Machine Learning: A Probabilistic Perspective
This folder contains practical examples and implementations from Kevin Murphy’s “Machine Learning: A Probabilistic Perspective” (MLPP). The book provides a comprehensive introduction to machine learning from a unified probabilistic perspective.
Use this folder when you want a Bayesian and probabilistic view of ML rather than a purely optimization-first or API-first perspective. It is especially useful if uncertainty, latent variables, graphical models, or sampling methods keep showing up in your interests.
📚 Overview
The examples are organized by major topics from the book, focusing on hands-on implementation of key concepts and algorithms.
📁 Notebooks (13 Total)
Part I: Foundations (Chapters 2-5)
- 01_probability_fundamentals.ipynb - Probability theory basics, Bayes’ rule, probability distributions, information theory
- 02_generative_models.ipynb - Generative classifiers, Naive Bayes, discriminant analysis (Chapters 3-4)

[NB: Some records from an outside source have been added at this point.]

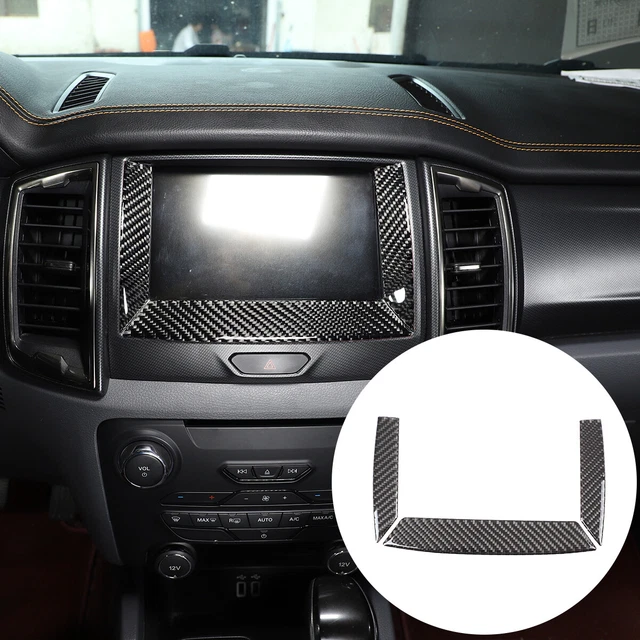 Copertura Tachimetro In Fibra Di Carbonio Per Ford Fiesta 2011-2015 &ndash; 5 Pezzi &ndash; Nero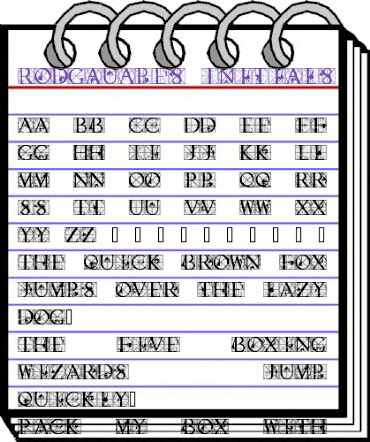 RodGauApes Initials animated font preview RodGauApes Initials animated font preview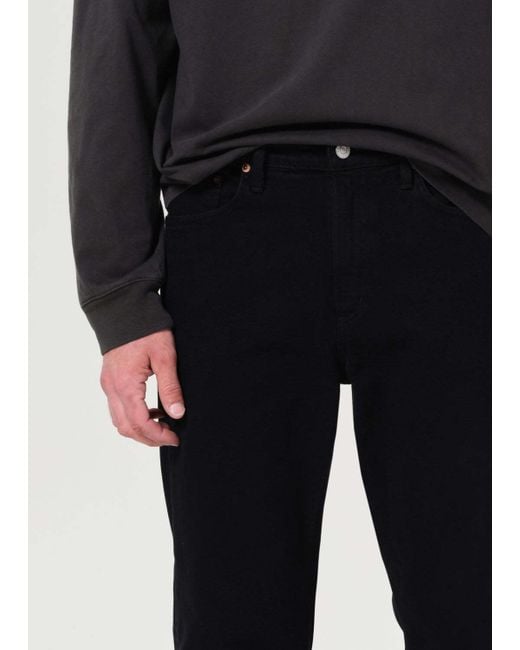 Agolde Black Buttoned Straight-Leg Jeans for men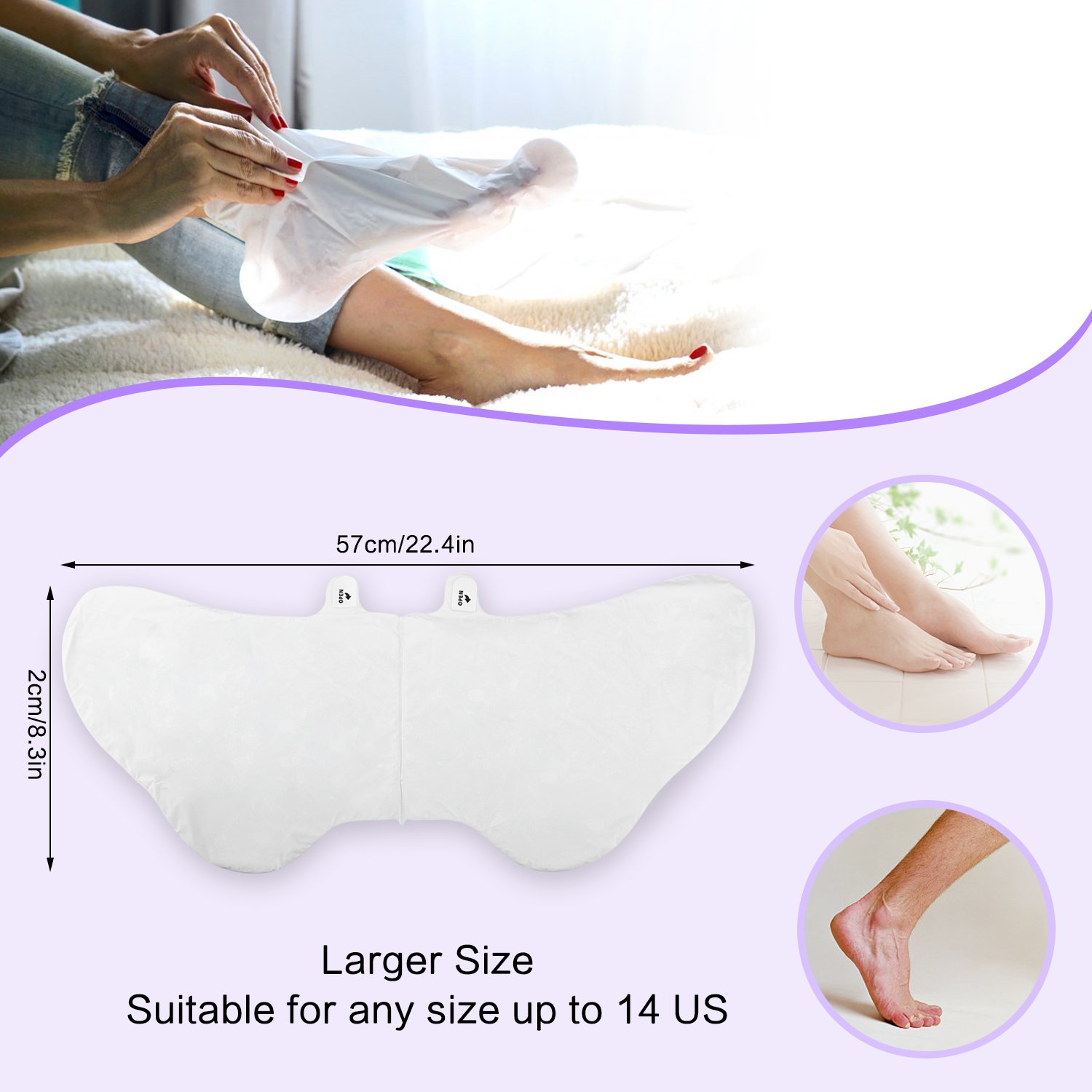 Himaly Fuß Maske 2 Paar Fuß Peeling Maske Socken Schwielen und abgestorbene Haut Entferner Baby Hornhaut Fussmaske zur Hornhautentfernung Fußpeeling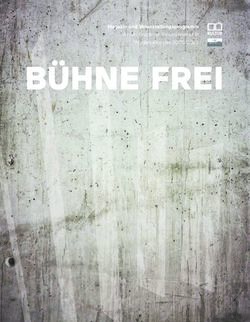 BÜHNE FREI Magazin und Veranstaltungsprogramm Anton Bruckner Privatuniversität Wintersemester 2020/2021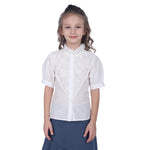 Floral Formal Shirt For Girls Off White Image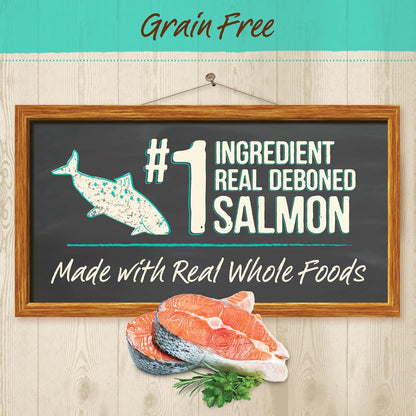 Merrick Purrfect Bistro Grain Free Natural Dry Cat Food For Adult Cats, Real Salmon And Sweet Potato Recipe - 12 lb. Bag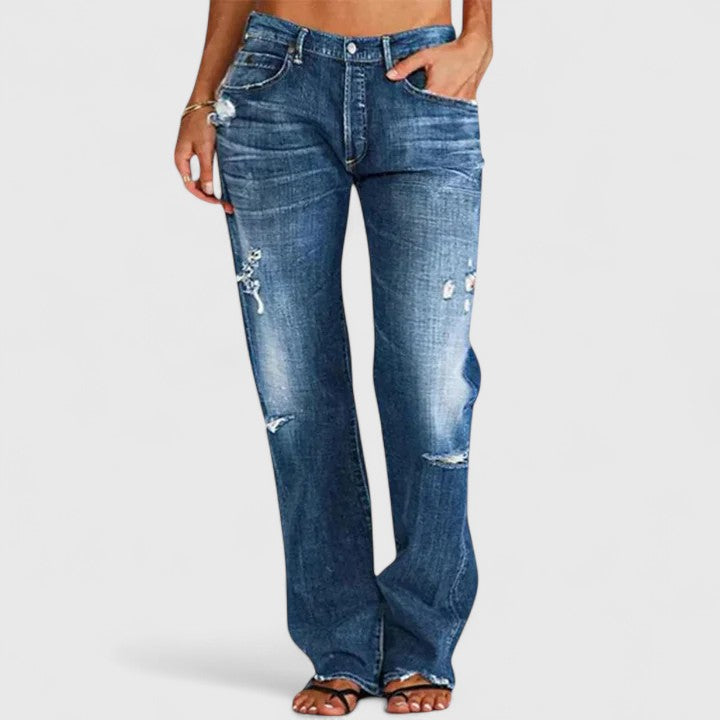 Delaney | Robuuste Wijde Jeans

- 03_gaussian_models.ipynb - Multivariate Gaussians, MVN inference, missing data, Gaussian mixtures
- 04_bayesian_statistics.ipynb - Bayesian inference, conjugate priors, posterior computation, empirical Bayes
Part II: Regression and Classification (Chapters 7-8)

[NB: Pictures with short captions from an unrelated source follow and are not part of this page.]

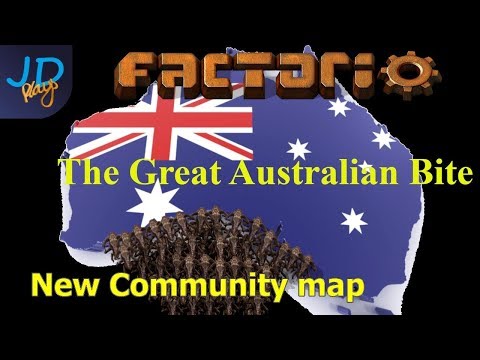 Factorio - The Great Australian Bite - New Community map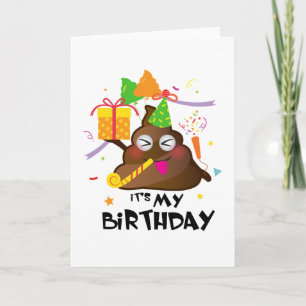Emoji 5th Birthday  Kids for Girls Funny Party Card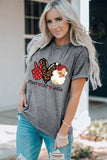 Peace Love Santa Graphic Tee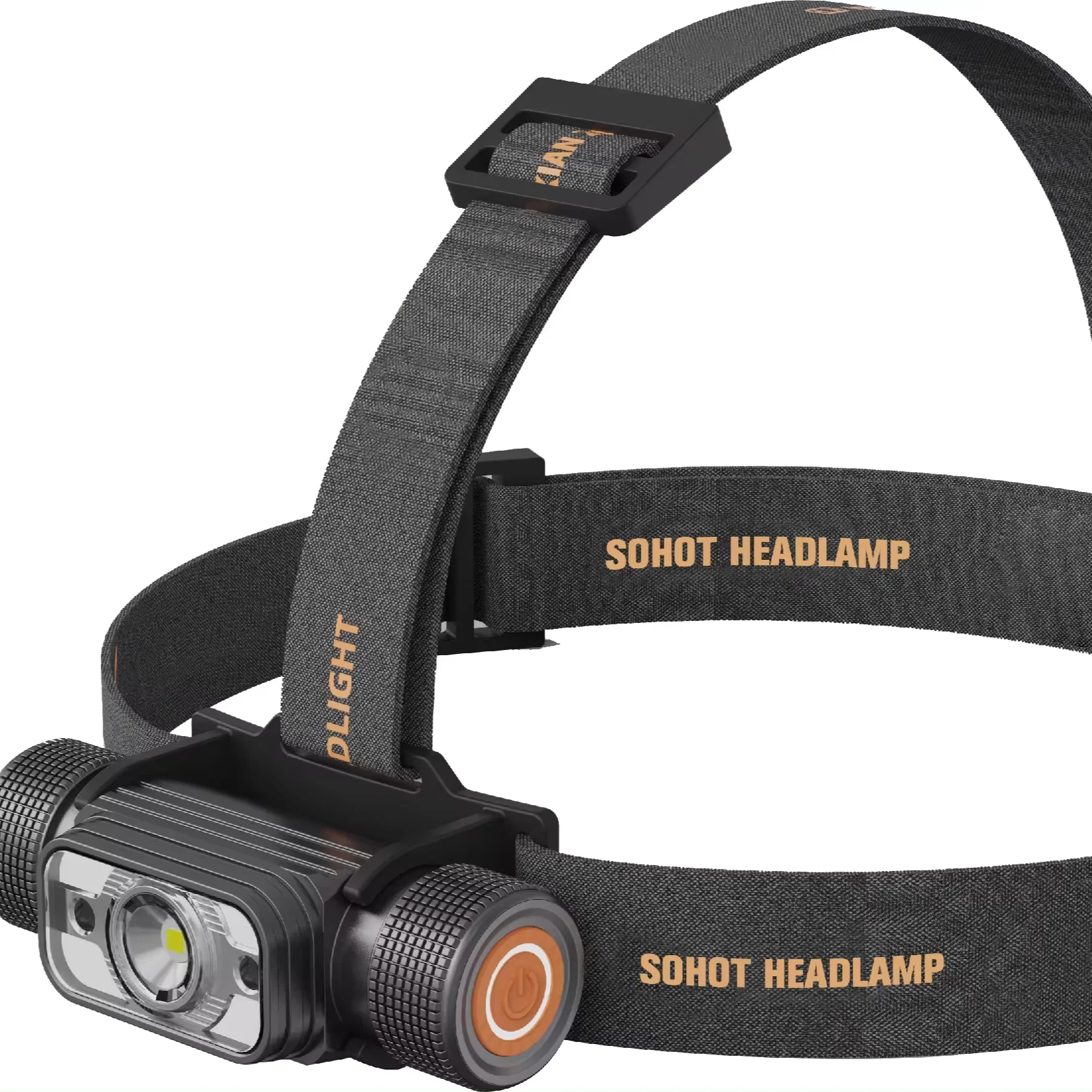 Aluminum Sensor Rechargeable Headlamp Outdoor TYPE C Camping Rechargeable 1000 Lumen Multi-function  Headlamp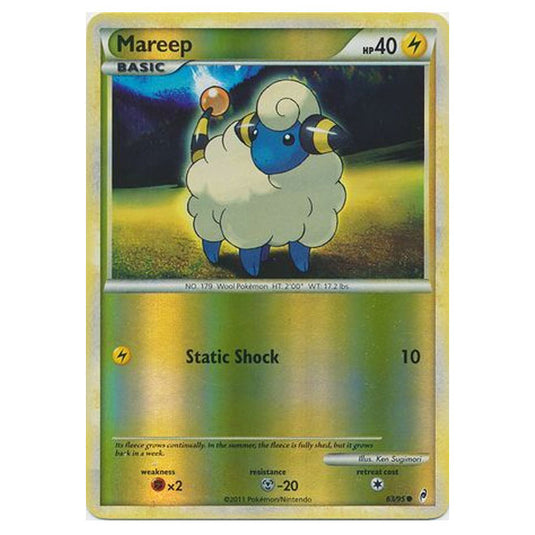 Pokemon - Call of Legends - (Reverse Holo) - Mareep 63/95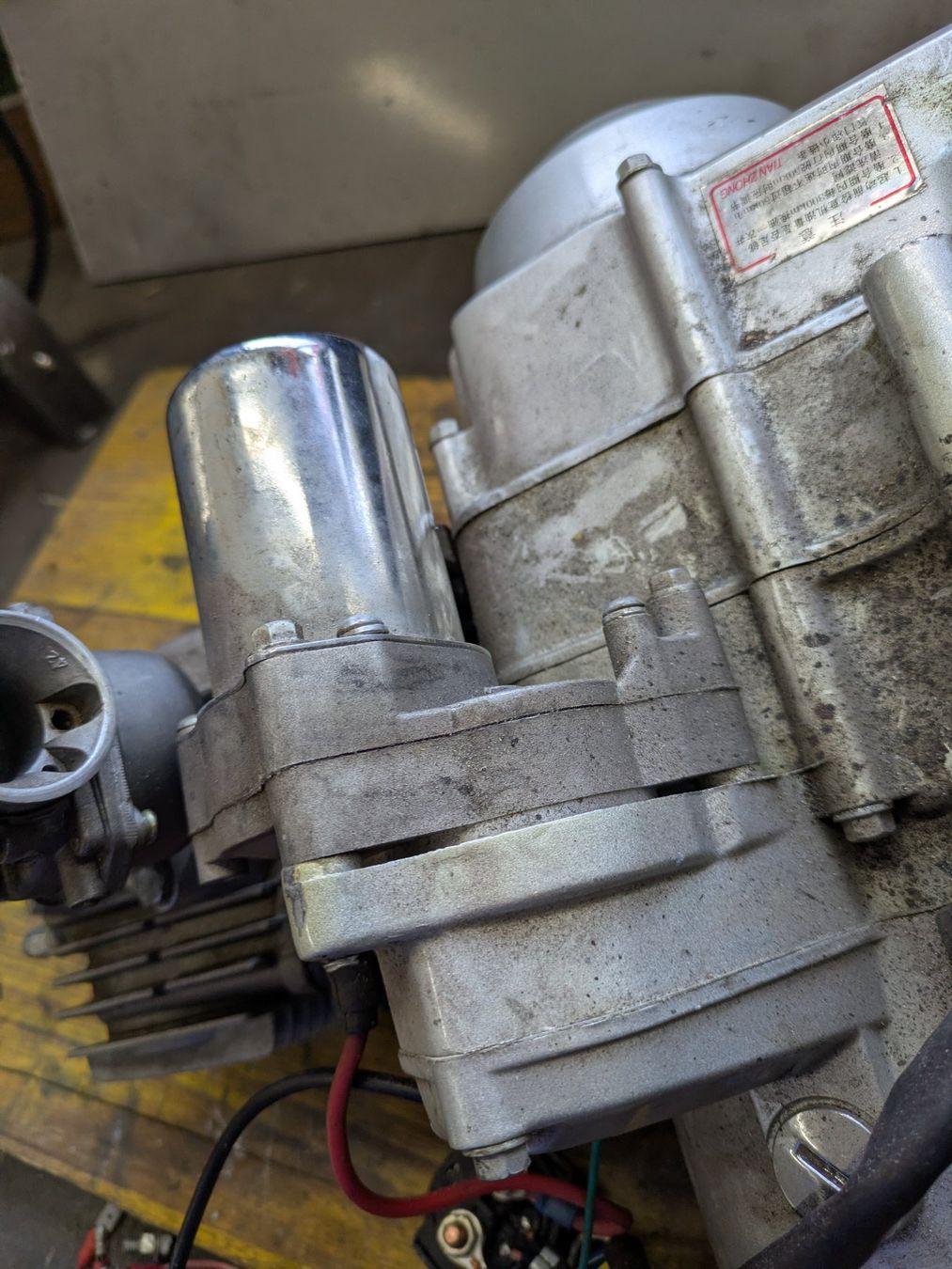 Parti ricambio per ciclomotori: Pitbicke Motor 4 tackt e-Starter – Usato da Affoltern am Albis venduto da Wisel80 5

- 05_linear_logistic_regression.ipynb - Linear regression (MLE, Ridge, Bayesian), Logistic regression, Softmax classification
Part III: Sparse Models and Regularization (Chapter 13)

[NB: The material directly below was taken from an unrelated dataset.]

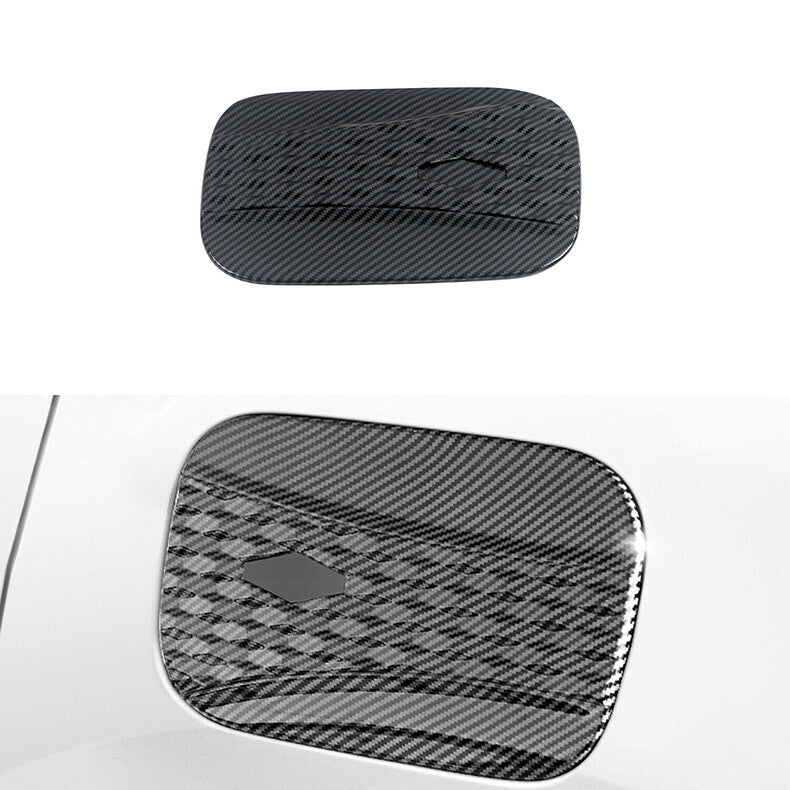 for Kia Carnival 2022-2023 Carbon Fiber Car Fuel Filler Gas Tank Cap Cover Trim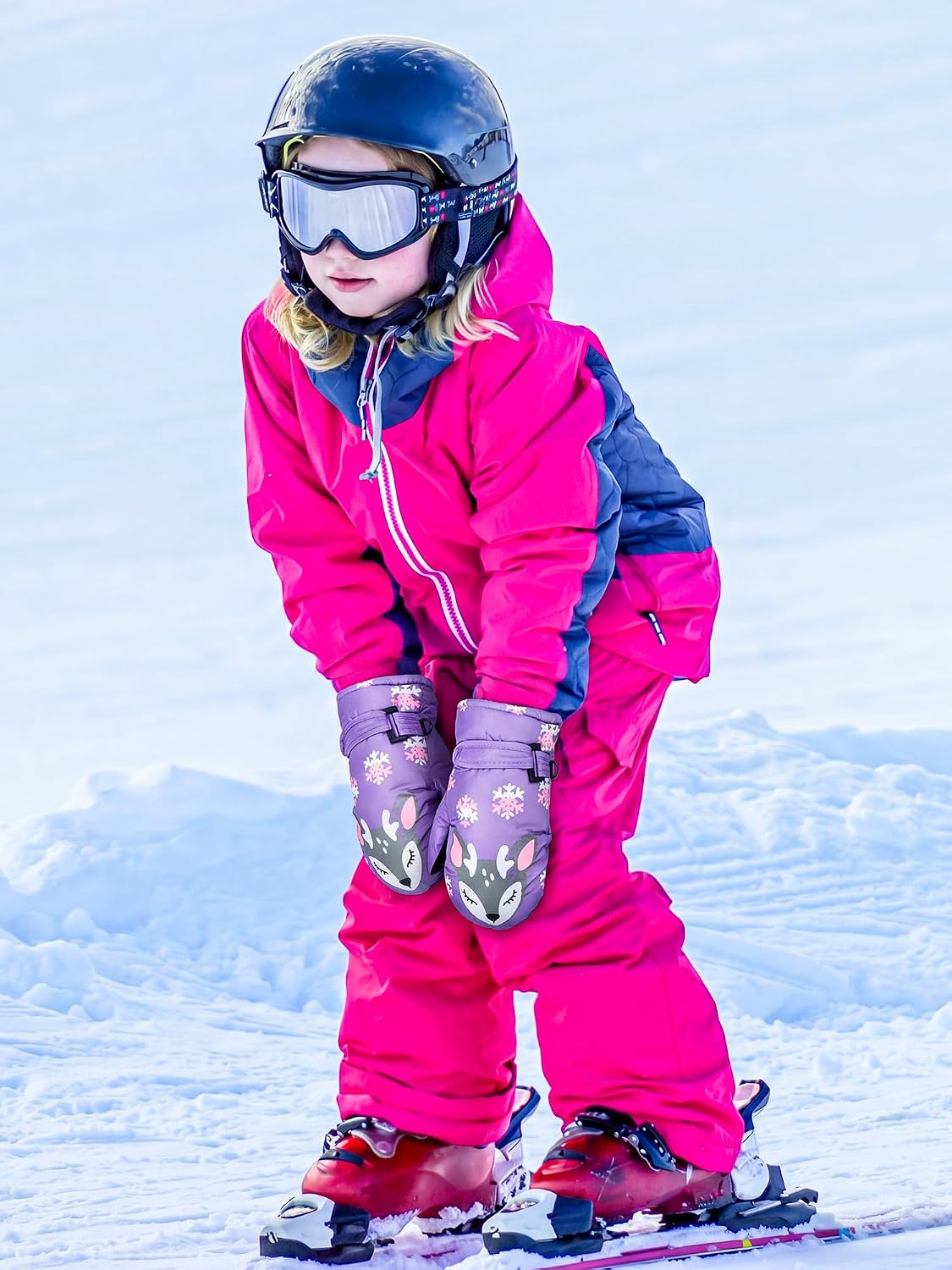 SATINIOR 6 Pairs Kids Snow Mittens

- 06_sparse_linear_models.ipynb - Lasso, Elastic Net, coordinate descent, feature selection
Part IV: Kernel Methods and Gaussian Processes (Chapter 14)
- 07_kernels_gaussian_processes.ipynb - Kernel trick, kernel ridge regression, SVMs, GP regression
Part V: Graphical Models and Sequential Data (Chapters 10, 16-17)
- 08_graphical_models.ipynb - Bayesian networks, d-separation, Naive Bayes, Markov chains
- 09_hidden_markov_models.ipynb - HMMs, forward-backward algorithm, Viterbi decoding, Baum-Welch learning
Part VI: Sampling and Inference (Chapters 21-24)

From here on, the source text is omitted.